More angry than Stephen Carter, more pragmatic and compassionate than Shelby Steele, more forward-looking than Stanley Crouch, McWhorter represents an original and provocative point of view. With Losing the Race, a bold new voice rises among black intellectuals.

------------

And thanks for the rep guys, glad you enjoy the video...

Link didn't work, but yeah that's the book. I borrowed it from the library but I'm only about 60 pages in so far. Definitely saying things that don't get expressed publicly about how there are some black people who are fukking up the cause.

I read Losing the Race and some of McWhorter's other stuff when it first came out in the late 90s and early 2000s. He is a smart guy and I am happy he has outside knowledge (linguistics) besides just talking race issues so he isn't a one trick pony. Some parts of the book I strongly disagreed with though. I guess in order of agreement I would say the anti-intellectualism, victimization, separatism themes.

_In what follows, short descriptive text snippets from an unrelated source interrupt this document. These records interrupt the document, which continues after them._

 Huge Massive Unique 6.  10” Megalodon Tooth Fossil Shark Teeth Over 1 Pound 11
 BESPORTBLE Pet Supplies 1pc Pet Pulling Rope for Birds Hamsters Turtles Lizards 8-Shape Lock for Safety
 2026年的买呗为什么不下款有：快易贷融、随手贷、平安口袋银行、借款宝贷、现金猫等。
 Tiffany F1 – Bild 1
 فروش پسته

Talking about the need to enhance intellectual achievement in our community is pretty vital and there are unfortunately a lot of trends (not cool to be smart, smart people being teased, overemphasis on sports) that need to be brought out and tackled. For that reason alone this book needed to be written. As I read and re-read it though, I was disappointed in how anecdotal his book was.

He puts all the blame for these trends on Blacks not wanting to 'Act White' (which ties into his later separatist theme). I mean some kids are probably teased like that but basing a sociological conclusion that sweeping on a simplification of oppositional identity? It pretty much blames anti-intellectualism on Black people not trying 'hard enough' and not being compliant enough to integrate.

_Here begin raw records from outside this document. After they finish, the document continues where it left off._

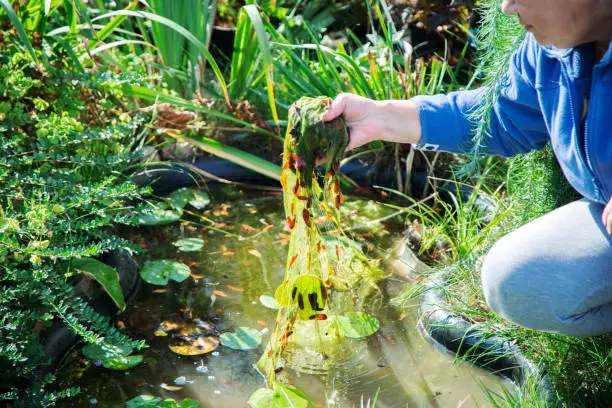 woman is cleaning garden pond from green algae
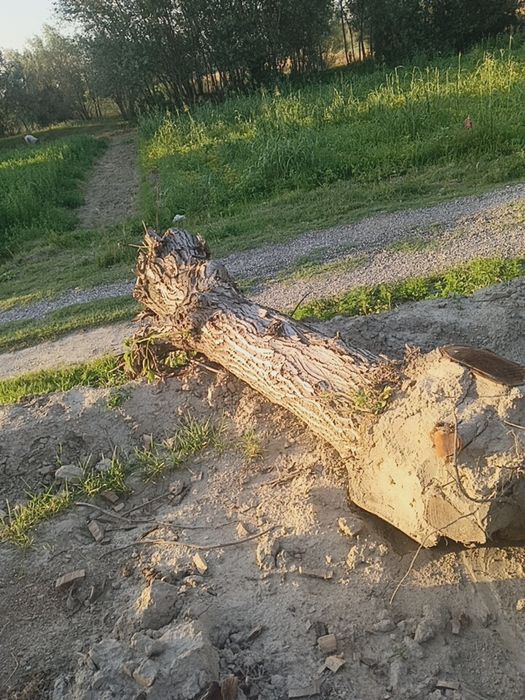 Енгок сотилади карватга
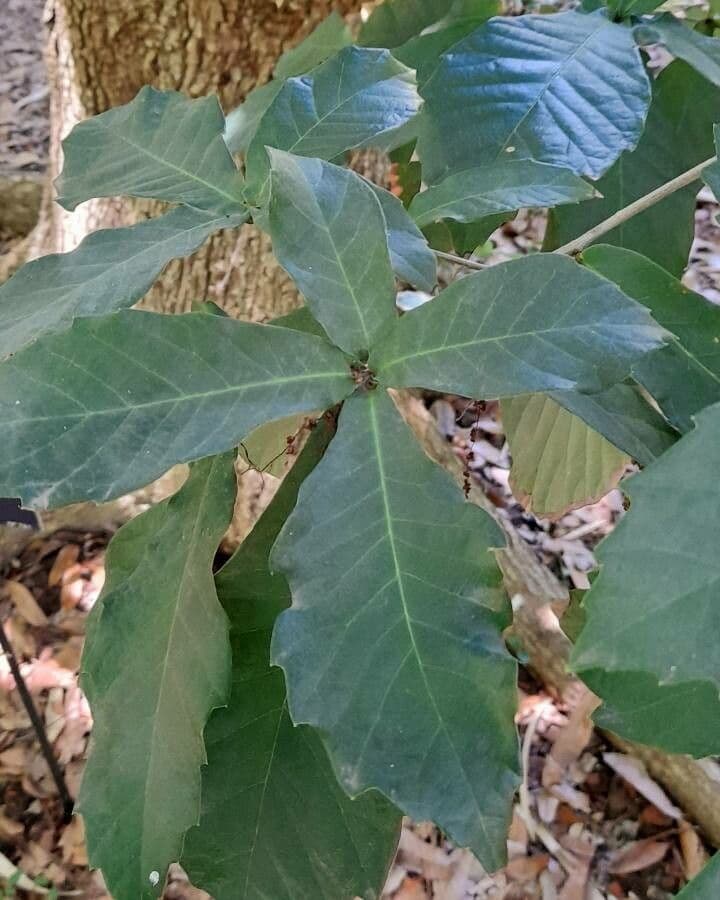 Quercia 2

He talks about how his Black students in his class didn't put as much effort in. Ok, that's not good but to turn that into a narrative of all Blacks and their achievement is a bit specious. He makes it sound like without a few exceptions, regardless of class, Blacks don't have academic priorities where I would say it is heavily stratified with some doing real well. Again though, I wouldn't have cared much about this without the rest of the book.

My biggest disappointment was him taking the popular and shortsighted view that reduces Blacks interactions in politics and society to victimization (we complain and feel like victims) and our supposed separatism (Blacks are separating themselves from the mainstream; not the other way around). It is pretty much the standard conservative talking point to dismiss Black petitions and complaints and that he elevates it into some kind of grand theory about how the Black masses operate--to the extent he condones racial profiling and says he feels no sense of accomplishment (a professor at Berkeley at the time!) because of affirmative action--I was like, ok dude.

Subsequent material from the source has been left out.